METHODS: Experiments were conducted in anesthetized open-chest dogs with normal ventricular conduction to investigate hemodynamic effects of pacing at various epicardial LV sites, the RV apex, and combinations of these sites (n = 11) and of RV and LV septal pacing (n = 8). The LV septal endocardium was reached via the RV by puncturing through the septum with a barbed electrode. Left ventricular systolic (LVdP/dtpos and stroke work) and diastolic (LVdP/dtneg and Tau) function were assessed using pressure-volume relations (conductance catheter technique).
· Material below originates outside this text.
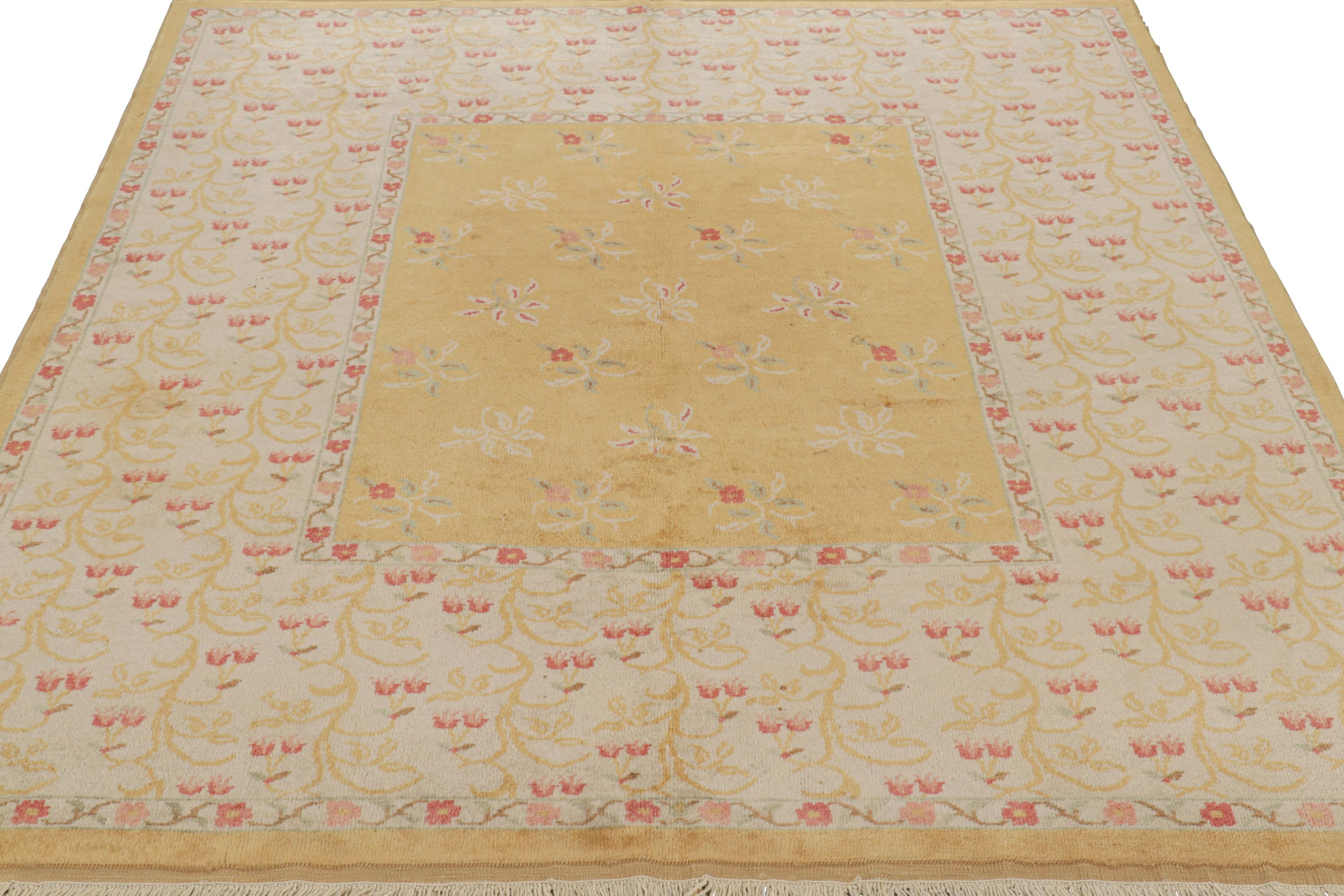 Oushak Vintage-Teppich in Gold und Beige mit floralen Mustern  Rug & Kilim (Handgeknüpft) im Angebot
RESULTS: Left ventricular systolic and diastolic function were highly dependent on the site of pacing, but not on QRS duration. Left ventricular function was maintained at SR level during LV septal, LV apex, and multisite pacing, was moderately depressed during pacing at epicardial LV free wall sites, and was most severely depressed during RV apex pacing. On average, RV septal pacing did not improve LV function, compared with RV apex pacing, but in each experiment one (variable) RV pacing site was found, which only moderately reduced LV function.
CONCLUSIONS: During ventricular pacing, LV pump function is maintained best (i.e., at SR level) when pacing at the LV septum or LV apex, potentially because pacing from these sites creates a physiological propagation of electrical conduction.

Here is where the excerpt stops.